Im Kern unterscheidet sich das nicht von traditionell linken Ideologien. Freiheit, so wird unterstellt, kann erst gelten, wenn alle von Status, Bildung und materieller Ausstattung diese Freiheit gleich nutzen können. Freiheit und Gleichheit sind immer in einem Spannungsverhältnis. Klassisch Rechte und wirtschaftsliberale Richtungen verneinen in der Praxis dass es tatsächlich unmöglich von Freiheit zu reden ohne dass es die Möglichkeit gibt, sie zu nutzen. Linke Ideologien behaupten, der Widerspruch wäre aufgelöst wenn beides gekoppelt ist und also frei nur sein könne, wer gleich ist. In der Praxis heißt das aber, dass Freiheit nur dort zugestanden wird, wo Gleichheit erreicht ist.

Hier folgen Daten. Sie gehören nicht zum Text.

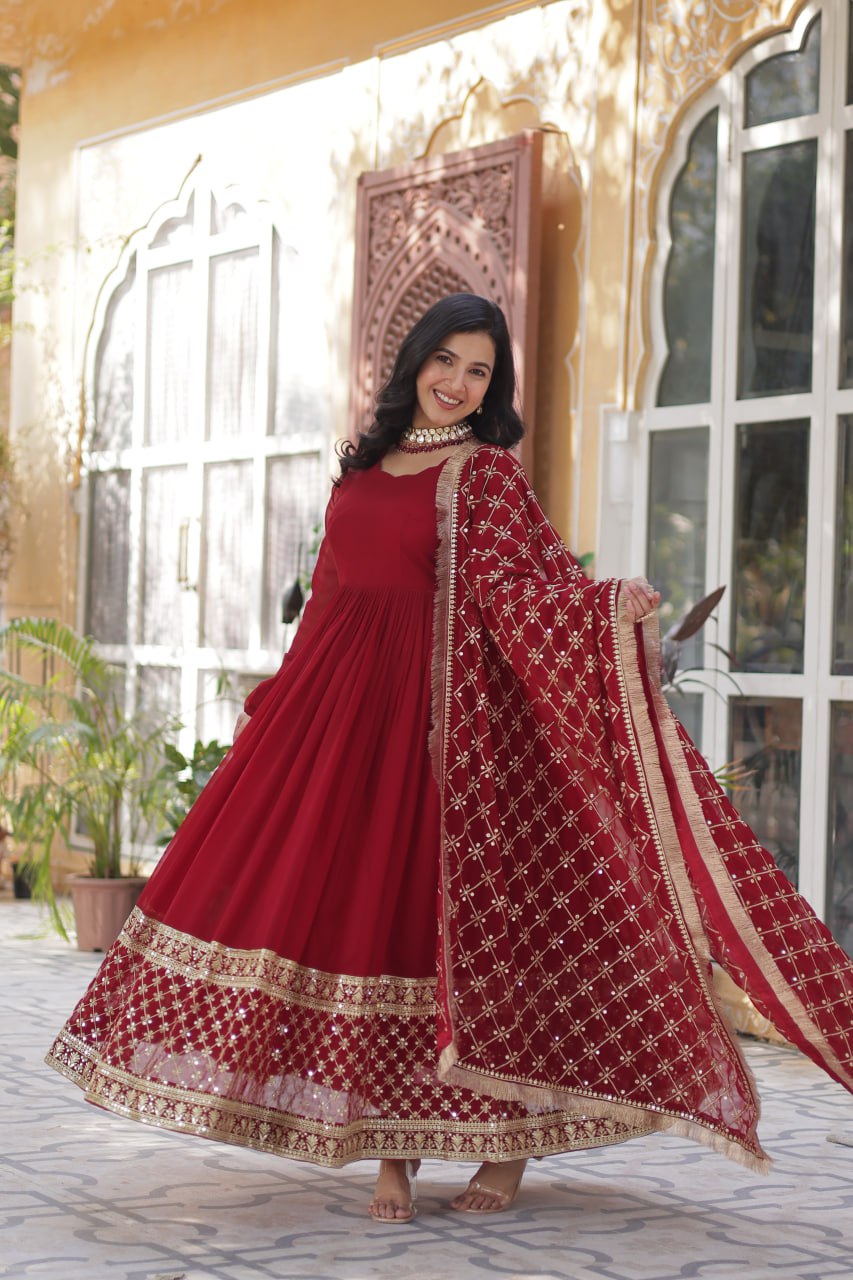 Reception Wear Maroon Color Faux Blooming With Embroidery Zari Sequins Work Designer Gown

Tatsächlich geht es darum, für beide Werte zugleich einzutreten und dabei nie Freiheit und Gleichheit gegeneinander auszuspielen. Für Freiheit eintreten darf man nicht auf eine Weise, die die Gleichberechtigung verletzt – sonst geht man zu sozialer Kälte und Menschenverachtung. Und für Gleichheit eintreten auf eine Art, die die Freiheit verletzt, führt zu Bevormundung und Zwangsbeglückung.

Voraussetzung für liberale Politik ist, jeden Menschen als Person und Individuum zu akzeptieren. Nicht als bloßer Teil kämpfender Gruppen, Minderheiten, Klassen oder Herkünfte sondern als die jeweilige einzelne Person. Überall dort, wo diese Person und mit ihr auch andere benachteiligt und diskriminiert wird gilt es, ihre Rechte und Freiheiten zu verteidigen. Und zwar so, dass nicht die einen gegen die anderen ausgespielt werden sondern auf dem mühevollen Weg gegen die konkreten Ursachen. Und da der Weg hierbei immer auch Teil des Zieles ist, verbietet es sich, Freiheit gegen Gleichberechtigung auszuspielen.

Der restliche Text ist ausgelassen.